18 % aussi de Cofinin, valant 12 407 827 euros, entreprise dont elle fut, jusqu’à son élection, PDG, à l’instar de Cible financière…

Ou 10 % de la société Vivarinco, spécialisée dans la vente de biens immobiliers, et dont le chiffre d’affaires 2017 s’est établi à près de 2,9 millions d’euros, au lieu de moins de 250 000 l’année précédente…

C’est donc à Evelyne Renaud Garabedian, qui semble gagner à être connue et reconnue, que la commission des Affaires Economiques du Sénat a confié la rédaction d’un rapport sur les conséquences économiques des manifestations de « Gilets Jaunes ».

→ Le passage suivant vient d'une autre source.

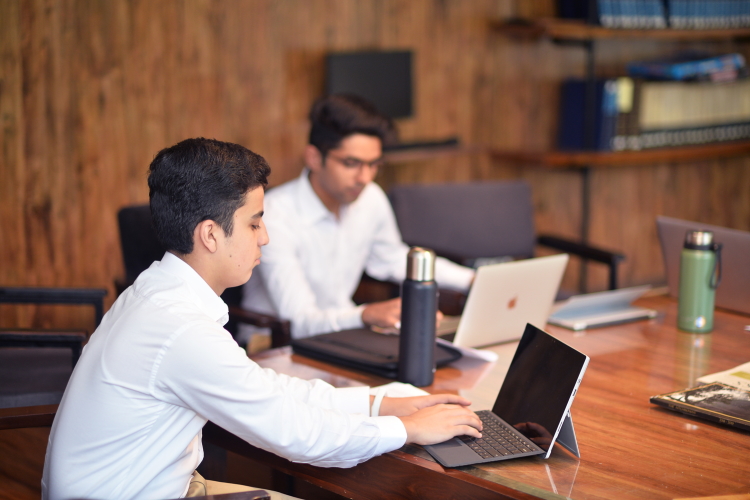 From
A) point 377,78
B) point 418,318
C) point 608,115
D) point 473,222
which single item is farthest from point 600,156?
point 418,318

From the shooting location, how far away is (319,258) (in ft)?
8.89

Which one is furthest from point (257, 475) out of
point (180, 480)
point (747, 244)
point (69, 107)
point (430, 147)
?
point (430, 147)

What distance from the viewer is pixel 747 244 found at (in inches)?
82.6

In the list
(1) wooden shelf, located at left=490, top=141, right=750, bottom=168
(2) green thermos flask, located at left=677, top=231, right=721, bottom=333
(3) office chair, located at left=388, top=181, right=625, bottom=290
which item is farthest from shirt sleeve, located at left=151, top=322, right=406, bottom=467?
(1) wooden shelf, located at left=490, top=141, right=750, bottom=168

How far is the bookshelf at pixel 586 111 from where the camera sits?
4059mm

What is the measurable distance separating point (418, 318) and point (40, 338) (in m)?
0.93

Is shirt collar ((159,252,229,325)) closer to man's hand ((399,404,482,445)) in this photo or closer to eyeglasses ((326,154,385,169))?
man's hand ((399,404,482,445))

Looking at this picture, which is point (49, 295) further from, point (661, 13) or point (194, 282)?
point (661, 13)

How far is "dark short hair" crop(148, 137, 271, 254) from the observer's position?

Reconnaissons tout de même que faire produire une analyse de la déperdition des activités commerciales de centre – ville par l’ex Directrice générale d’un Groupe dont la fortune vient de l’exploitation de magasins de demi gros aspirant la chalandise en périphérie, pour cause de moindre coût financier d’implantation, est pour le moins déroutant.

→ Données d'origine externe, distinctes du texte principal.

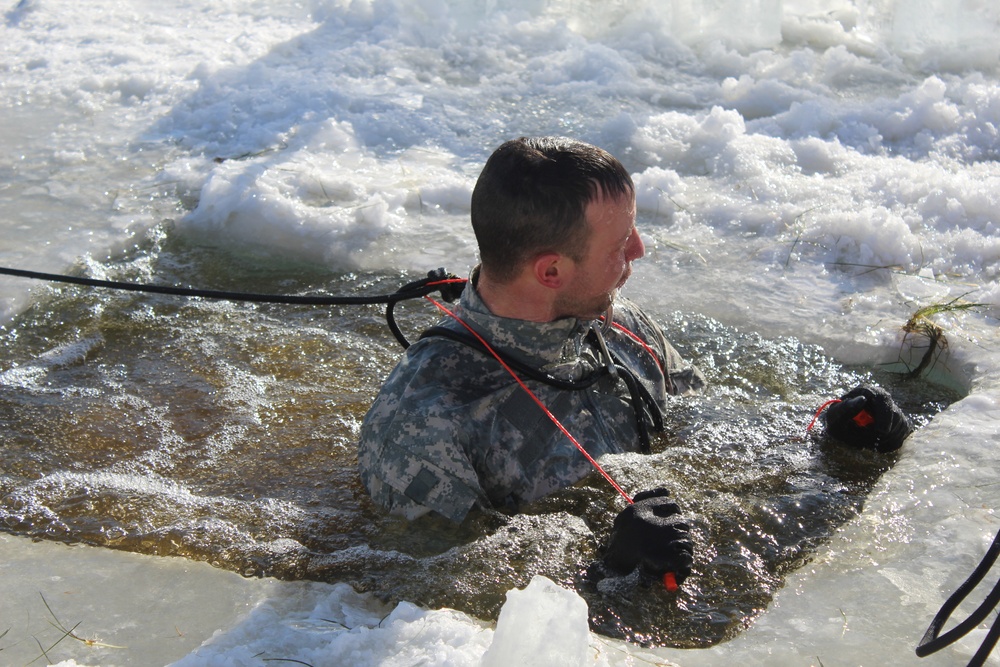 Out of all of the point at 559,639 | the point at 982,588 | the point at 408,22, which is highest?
the point at 408,22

Et la liste des sources utilisées pour alimenter la réflexion semble quelque peu univoque.

A savoir quelques services rattachés à Bercy (même pas le Ministère de la Justice ou celui de l’Intérieur) et une foultitude de chambres de commerce et d’organismes professionnels de commerçants…

Pas le moindre élu local (ès qualités), pas le moindre représentant syndical des salariés…

Simple oubli sans doute.

N’ayons pas peur de le dire.

Les larmes de crocodile que le rapport verse sur la situation des commerçants dont les vitrines ont été brisées, les stocks envolés ou le chiffre d’affaires tiré vers le bas ne trompent personne.

Surtout qu’en pareil cas, au lieu de regarder l’espace d’un instant ce qui a pu provoquer la réitération des manifestations de « gilets jaunes » et les maux de la société ainsi exacerbés, le rapport conclut par des propositions tendant à alléger cotisations sociales et obligations fiscales des entreprises concernées, histoire de leur permettre de se refaire une trésorerie sur le compte de l’Etat…

Un Etat dont il y aurait pourtant tant à dire, au regard de la densité des moyens de maintien de l’ordre mis en œuvre durant tout le cycle des « actes « de la mobilisation des gilets jaunes, dont le moins que l’on puisse dire est qu’elle ne semble pas avoir tout à fait résolu le risque de la violence urbaine.

 Ni la multiplication des gardes à vue, ni les lancements frénétiques de grenades lacrymogènes, ni la projection des balles de défense et l’utilisation des grenades de désencerclement n’ont, manifestement, dans le contexte d’un code pénal ayant intégré les règles de l’état d’urgence, permis de dépister, par exemple, les plus dangereux « fauteurs de troubles »…    

Peut – être par ce qu’ils sont ailleurs depuis le début.